Proche de Bruno Le Maire, l’ex-secrétaire nationale des Républicains appelle les progressistes à s’engager lors des élections européennes.

On a déjà épuisé tous les arguments en faveur de l’Europe. On a déjà redit le poids de l’Histoire et ravivé le spectre de la guerre, plaidé pour la stabilité économique et l’élargissement des marchés. En face, les eurosceptiques répètent ses faillites : la règle d’or des déficits, l’incapacité à mettre fin au dumping fiscal, le raz-de-marée réglementaire qui déferle aveuglément sur notre économie…

Nous sommes arrivés à un moment de la construction européenne où on ne peut plus espérer convaincre les uns avec les arguments des autres. Les pays européens ne souffrent ni d’euroscepticisme, ni d’europtimisme. Ils souffrent de paralysie et de bégaiement idéologique. Nous sommes arrivés à un moment où il nous faut choisir entre ceux qui croient viscéralement, au-delà des chiffres et des résistances du réel, à l’idée d’Europe et ceux qui veulent la disloquer. Je crois à l’Europe. J’y crois depuis que mon père, ancien harki, nous a emmenés vivre en Allemagne pendant plusieurs années. J’y crois depuis mon année en Erasmus à Swansea, avec cette idée d’une méritocratie européenne. J’y crois depuis que je l’ai parcouru pour lever des fonds et créer l’une des toutes premières start-up sur l’environnement.

Les signaux d’alerte se multiplient. Il y a eu le Brexit. Les populismes gagnent du terrain partout. S’y ajoute la crise des migrants, qui enferme le contrat humaniste européen dans un silence étourdissant. Face à ces grands défis, une voix forte est plus que jamais nécessaire.

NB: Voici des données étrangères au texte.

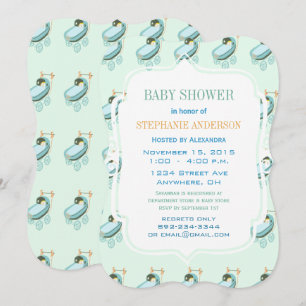 Buggy Shower för Grönten Retro Mint Baby Blue Cora Inbjudningar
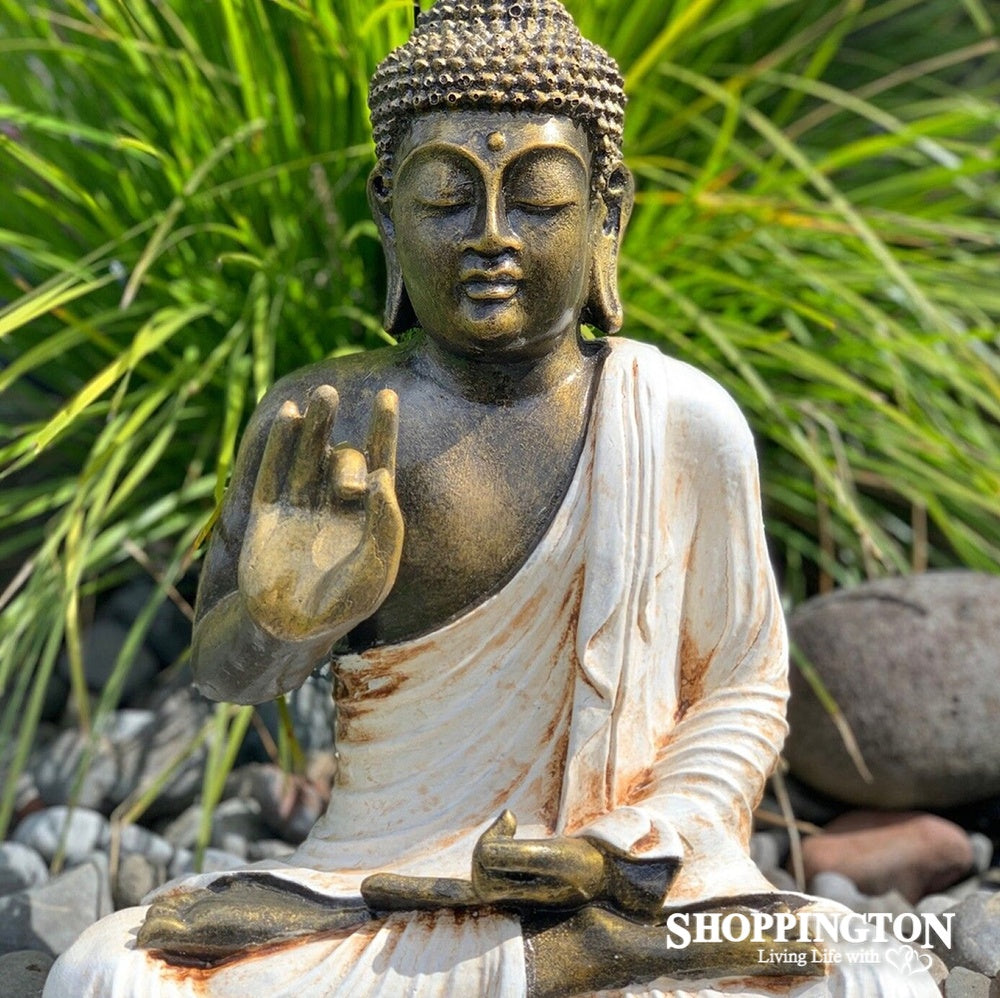 Buddha Sitting Chakra 40cm - Cream and Gold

Le temps des progressistes est venu. Croyons à l’Europe ! Après, il n’y aura plus personne pour dire quelque chose, selon les mots du pasteur Martin Niemöller. Si les progressistes veulent défendre l’Europe comme une terre de liberté de mouvement, d’entreprendre et d’étudier, c’est maintenant. Si les progressistes ont à cœur de porter le modèle européen comme un territoire inédit de droit et de justice pour tous, c’est maintenant. Si les progressistes français croient encore à l’exception française, à son rôle de précurseur en matière de droits et de libertés, c’est le moment de parler.

Acte de foi. Lors du débat présidentiel, Emmanuel Macron avait surpris avec son « oui » à l’Europe. Les élections européennes doivent être l’occasion d’un acte de foi pro-européen. Et comme tout acte de foi, il doit être sincère et entier, l’enjeu est qu’il ne soit pas isolé.

Parce que je crois à une Europe du progrès social, économique et humain. Je crois à une Europe qui laisse au XXe siècle les débats du XXe siècle. Nous sommes dans un nouveau monde, qui doit faire levier sur les nouvelles énergies et technologies pour rafraîchir la promesse sociale et démocratique car on ne peut pas se résoudre aux inégalités, aux fractures médicales, sociales et numériques. L’Europe est trop petite pour que l’on se la dispute, trop précieuse pour qu’on la laisse aux nationalistes, trop prometteuse pour qu’on la laisse en jachère.

Il ne s’agit pas d’une foi sans questionnement. L’austérité économique doit être débattue. Une réforme institutionnelle est nécessaire pour faire émerger un processus de décision plus transparent. Mais on ne peut soigner l’Union européenne que si elle est encore en vie. Pour agir, il ne faut pas se laisser paralyser en listant des « contre », ni attendre que l’Histoire émette des regrets. Pour agir, il faut croire et s’engager. Peut-être qu’aux yeux de certains, cela défie toute rationalité. Mais à Descartes, je préfère Edmond Rostand : « C’est la nuit qu’il est beau de croire à la lumière ».

Salima Saa est membre du conseil de surveillance de la Fondapol.